Surpreendente e louco. Louco e impossível! Isso pensei eu quando me convidou para o acompanhar num
voo sobre o nosso muito amado Lobito. Surpreendente e louco porque estamos a milhares de quilómetros
das nossas terras, porque se nega a lá voltar e porque piloto já não é. Mas, como o amor é imenso e a
curiosidade sufoca, não resisti e sorrindo disse-lhe… sim! Estávamos ligados pela “nete”.
Perguntou-me então se eu tinha o “Google Earth”. “Não”, respondi em papel virtual. “Então instale já.”,
disse-me em tom de quem está habituado a comandar. Feitos os procedimentos necessários, informei-o que
estava já instalado e pronto. Deu-me as instruções e, num repente, dei por mim percorrendo o globo
terrestre a uma velocidade vertiginosa para a terra onde nascemos e, ouvindo-lhe as instruções, coloquei
esta aeronave a voar sobre o Lobito a uma espantosa altura de 1500 pés - recomendou o meu piloto.
Fez-me rasar a pista do velhinho aeroporto do Lobito na direcção do mar, como se dali tivéssemos
descolado e fizemos uma suave volta pela direita para um voo sobre a Restinga. Percorremos a praia até
ao farol como sempre fez, dizia. Eu estava inebriada! “Esse é o meu chão! Esse é o meu ar, o meu mar!!!”
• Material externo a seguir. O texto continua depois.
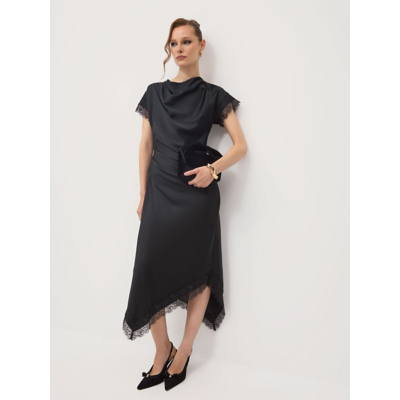 George Black Satin Short Sleeve Bias Cut Midi Dress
Voltámos de novo pela direita sobrevoando a baía direitos agora ao seu Cassequel.
Deixei-me conduzir pelas suas mãos para o voo mais apetecido da minha vida… Não tinha palavras… Voávamos
sobre as plantações de cana - … e esta, toda embandeirada, balançou-se ao vento, como que nos dizendo
“olá!, que bom ver-vos de novo!” - com os lindíssimos talhões bordejados de palmeiras. Ele
foi-me contando o que foram os seus anos loucos de Lobito… Avistámos a Catumbela e sobre ela muitas
voltas fizemos para saborear cada canto, cada casa, cada metro de rio. Lá estavam as pontes e bem ao
lado e em cima do morro o velhinho Reduto de S. Pedro, o forte das minhas recordações. O motor
extraordinário que é o nosso cérebro activou de imediato as gavetas da memória…
E sobre o ele falámos e sobre ele fizemos juras de trazer para aqui como foi e o que foi para as gentes da
Catumbela.
Continuamos o nosso voo idílico numa confortável altitude para nada perder. Eu estava a ser levada por
quem tantas vezes, aqui nesta terra de sonho, saboreou os ares, o mar com as intermináveis praias, os
morros, caminhos e descaminhos. Senti-me deitar a cabeça sobre no seu ombro e vi Benguela em frente. O
meu berço ali estava debaixo do meu espanto. Praia Morena, Nossa Senhora do Pópulo, o Cavaco… meu Deus!,
a casa onde nasci!!! Voámos para a Rua 11 à procura de um amor que o Aires de Almeida Santos fez viver
em todos nós. Belisco-me… não é sonho, não! E pedi-lhe “Podemos ir a Mossâmedes?”, ao que de pronto me
respondeu “Não se pode voar depois do pôr-do-sol e por isso temos de aterrar.”
Não resisti e dei-lhe um beijo!!!
É bem verdade que voar é coisa de momento, mas ser-se conduzida por quem sabe levar-nos aos lugares
amados é como cuidar de plantas e as plantas têm raízes e as que visitámos não se arrancam de modo
algum! Por muito afastados na distância que nos encontremos.
Plantar prolonga a vida!
O som estridente da campainha da escola próxima do local da minha residência despertou-me. Ainda estremunhada
olhei à volta… Afinal foi um sonho!... Parecia tão real…
Vieram-me à mente as inúmeras vezes em que sobrevoo a minha Terra Natal num voo de matar a saudade…
Há bem mais de um ano que comecei um texto no qual a percorro de lés a lés – um dia há-de ficar pronto!
Penso novamente no sonho e decido que este texto permanecerá aqui porque nos leva a lugares ricos de
História, que tantas vezes tive o privilégio de percorrer e apreciar. Fará, e muito bem!, parte do trabalho
sobre a Catumbela e o seu reduto que está a ser desenvolvido e que tanto me entusiasma. Embora vá devagar,
há muito material… promessa de um trabalho acurado.